Chainlink has been building partnerships since it started as SmartContract. In total, it now has over 30. Here are some key partners:
The Society for Worldwide Interbank Financial Telecommunication (SWIFT): Global banking transfer system that moves over $5 trillion daily
Web3 Foundation: A Swiss foundation focused on blockchain technology
Data-provider partnerships: ClinTex (clinical trial data), Kaiko (digital assets data), Brave New Coin (crypto data), and Data Sports Group (sports data)
Notable cryptocurrency projects: ZeppelinOS and ConsenSys projects (OpenLaw ,Matic Network, Harmony and Kaleido)
A Disruptive Example
Financial companies pay Bloomberg $6.5 billion annually to access 325,000 terminals and the massive amounts of financial data they provide. Consider this the “yearly stake” for accurate and reliable data.
But there’s a problem: These companies totally rely on Bloomberg for their data. That presents a centralized point of failure. If Bloomberg is hacked or corrupted, that could affect its data feeds.
Enter Chainlink. It can use the blockchain to provide decentralized data. And as regular readers know, the blockchain is virtually tamper-proof because it distributes data across a network instead of housing it in one location.

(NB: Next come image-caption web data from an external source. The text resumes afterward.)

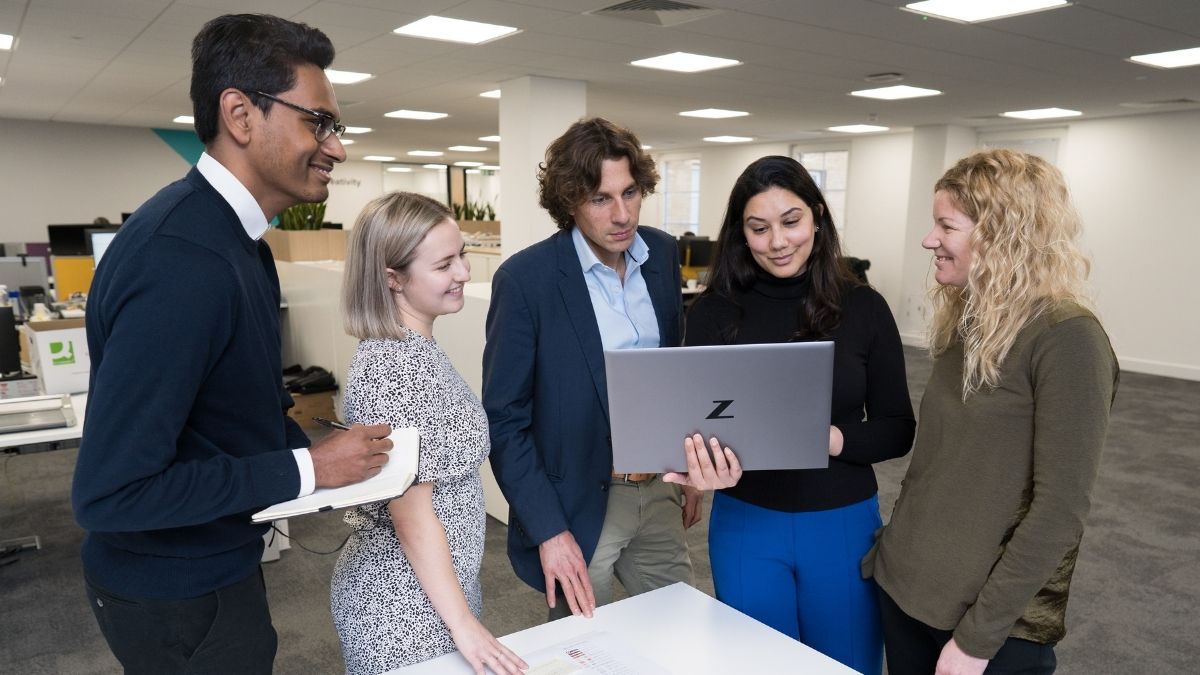 Employee voice
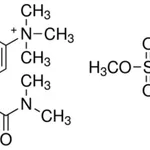 Merck NEOSTIGMINE METHYL SULFATE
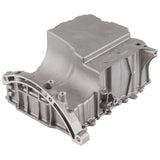 ENGINE OIL PAN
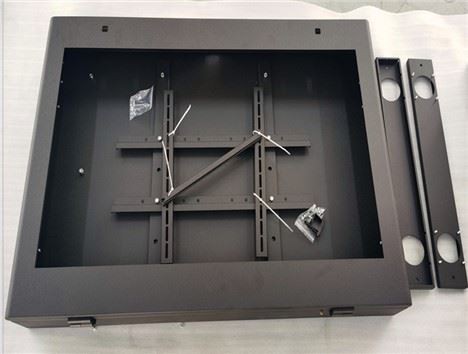 Shaxsiy po'lat xonadoni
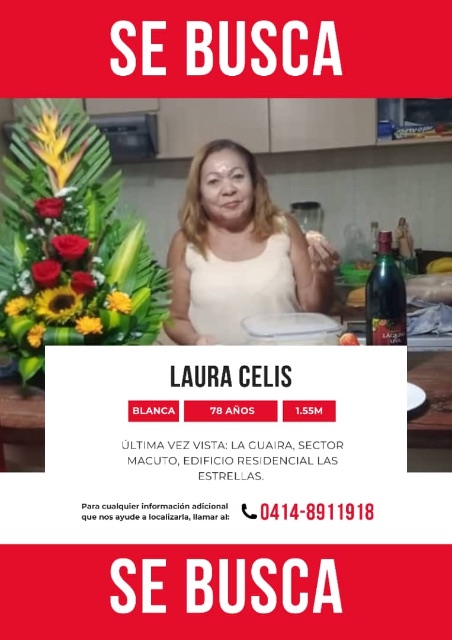 Laura Celis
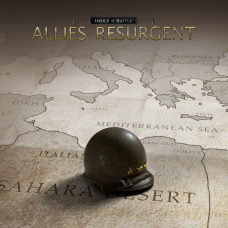 Order of Battle: Allies Resurgent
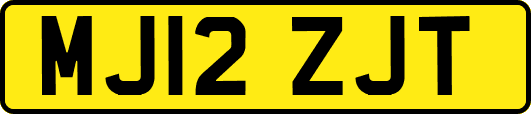 MJ12ZJT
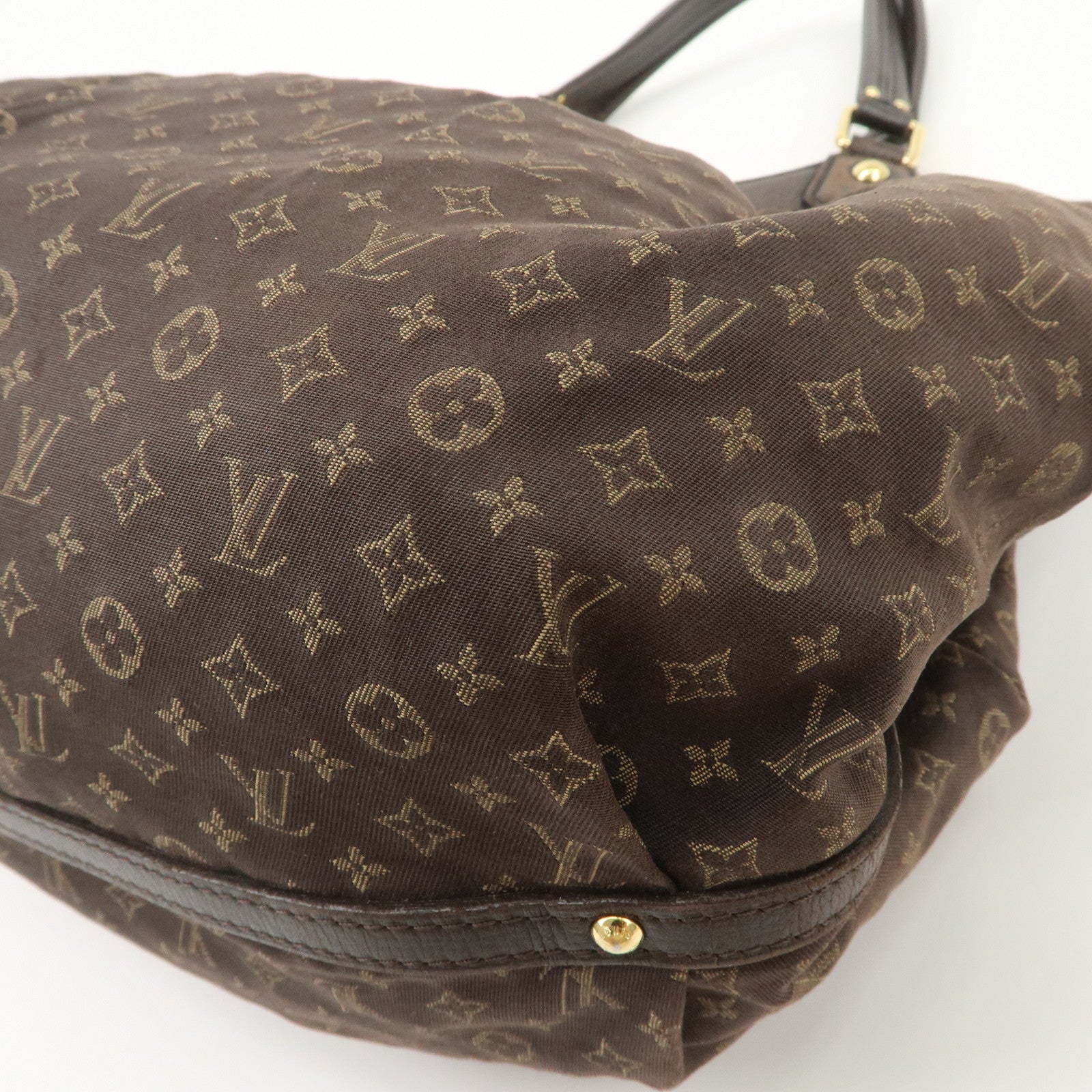 Louis Vuitton Monogram Idylle Fantasy Shoulder Bag Faisan M40408 Used
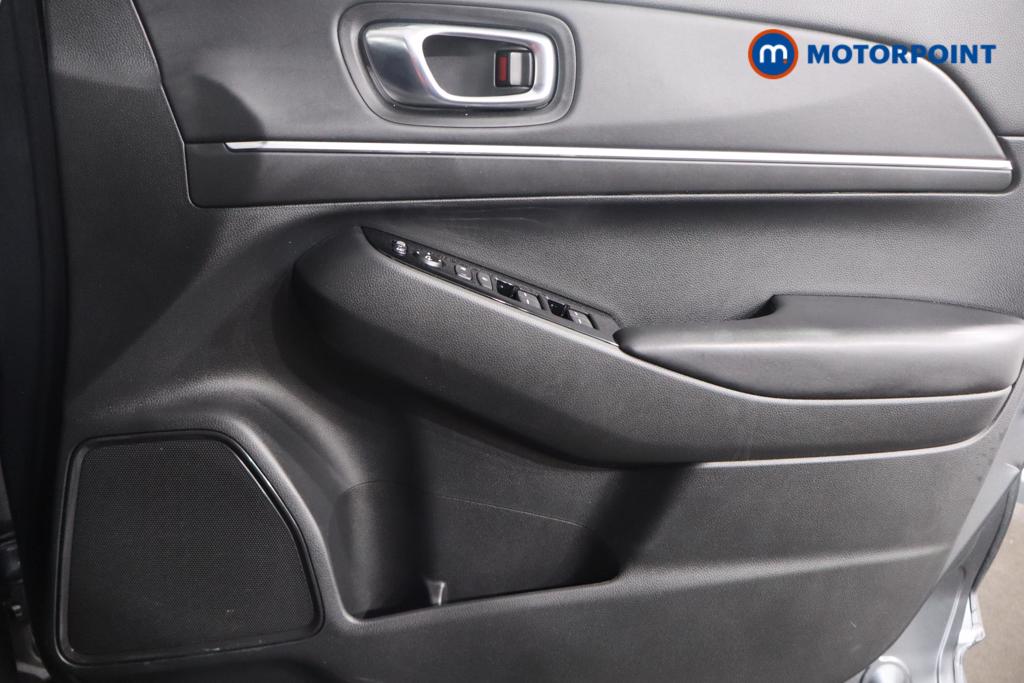 Honda Hr-V Advance Automatic Petrol-Electric Hybrid SUV - Stock Number (1569011) - 10th supplementary image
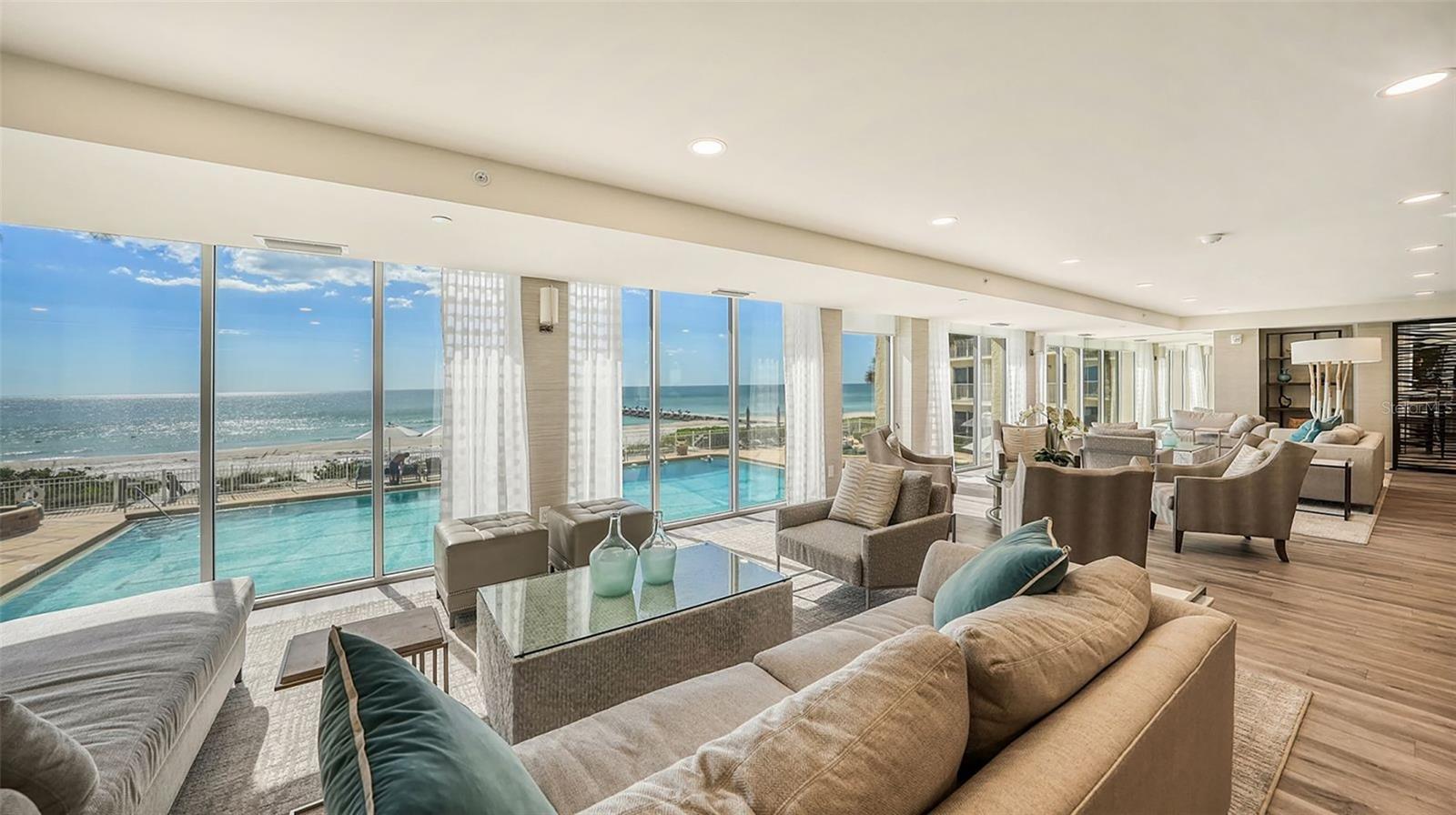 2301 GULF OF MEXICO DR #12N and 11N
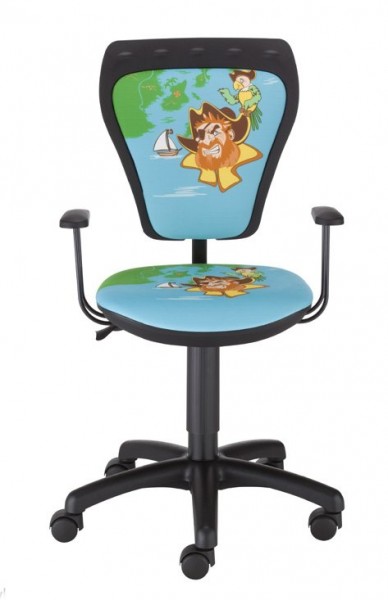 Krzesło dziecięce Cartoons Line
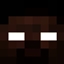Herobrine - The Lost Version logo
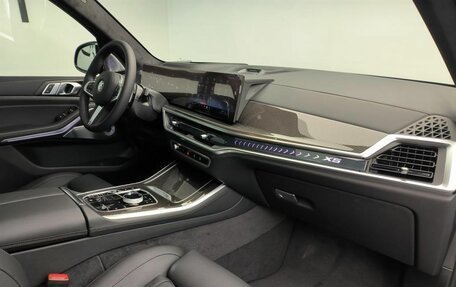 BMW X5, 2024 год, 17 850 000 рублей, 7 фотография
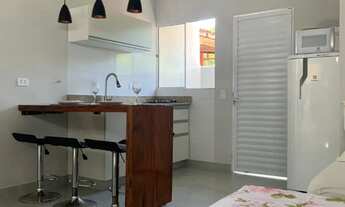 Imagem 4: Alugo Studio / Kitnet de 30m2 da praia para temporada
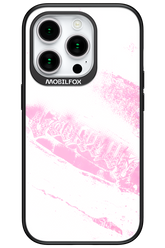 Grillz Pink White Centaur 2.0 - Apple iPhone 15 Pro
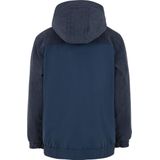 Protest - Baloe - Ski Jas - Blue Nights - 100% Polyester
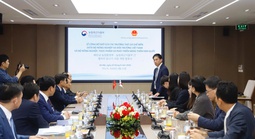 Thêm cơ hội cho thịt gà chế biến Việt Nam tại thị trường Hàn Quốc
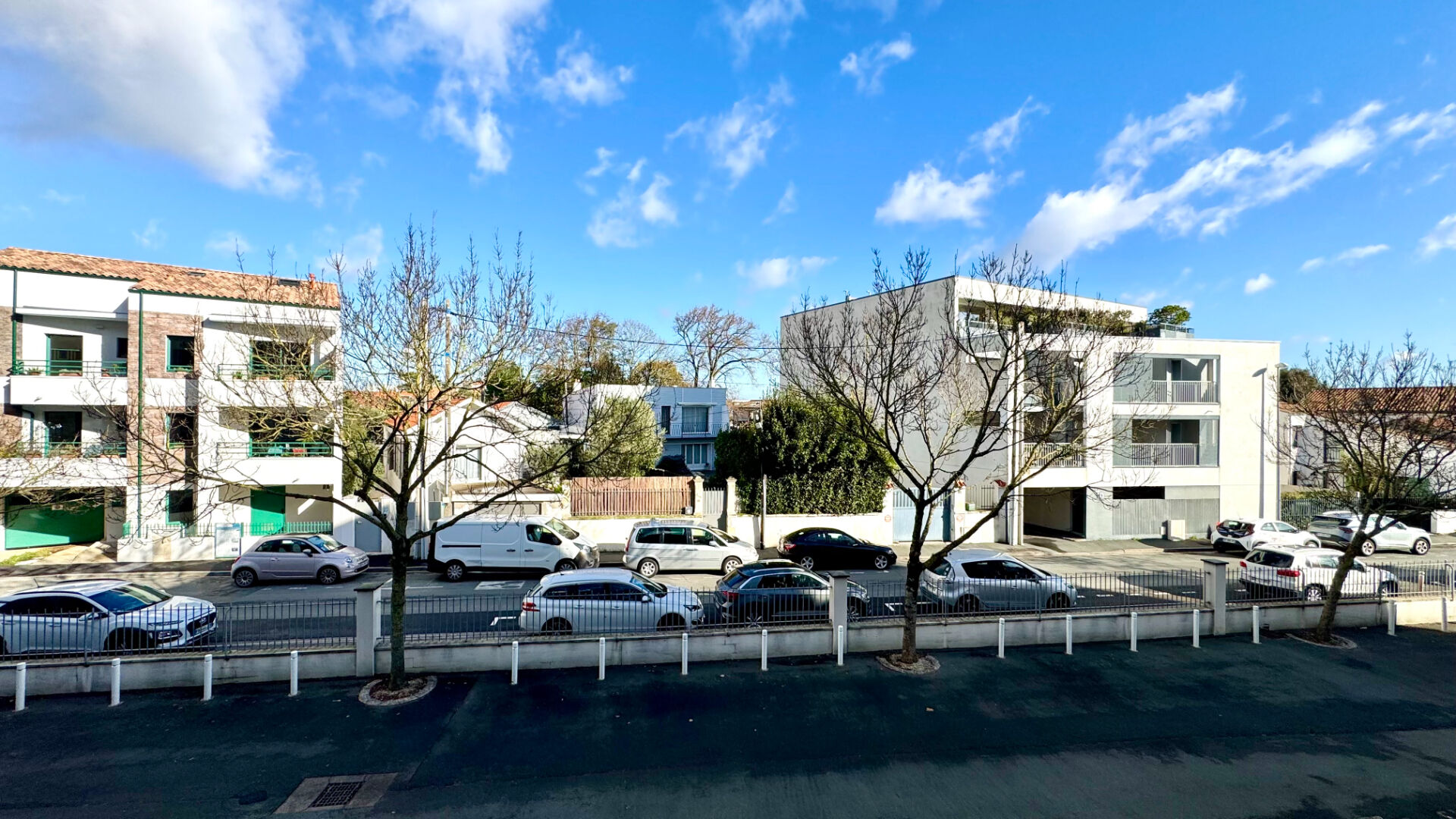 Agence immobilière de Agence Benoit Immobilier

But companies will still want assurances the data they receive from the blockchain will be accurate. So they’ll require Chainlink nodes to stake LINK as insurance.
So the node will lose its stake if it sends corrupted or data. This financial penalty incentivizes nodes to provide accurate information — making the system reliable.
Bringing It All Together
There are over 10 million smart contracts today. And by 2023, we expect there will be billions of smart contracts in operation.
To put that in perspective, it took six years for the internet to scale to 10 million websites. Today, we have over 1 billion websites.
If Chainlink comes to dominate this space as we think it will, virtually all smart contracts could end up relying on it for their decentralized oracle data.
By capturing just 2% of the global data market, LINK will be worth $28 per token. Today, we can buy it for under $1.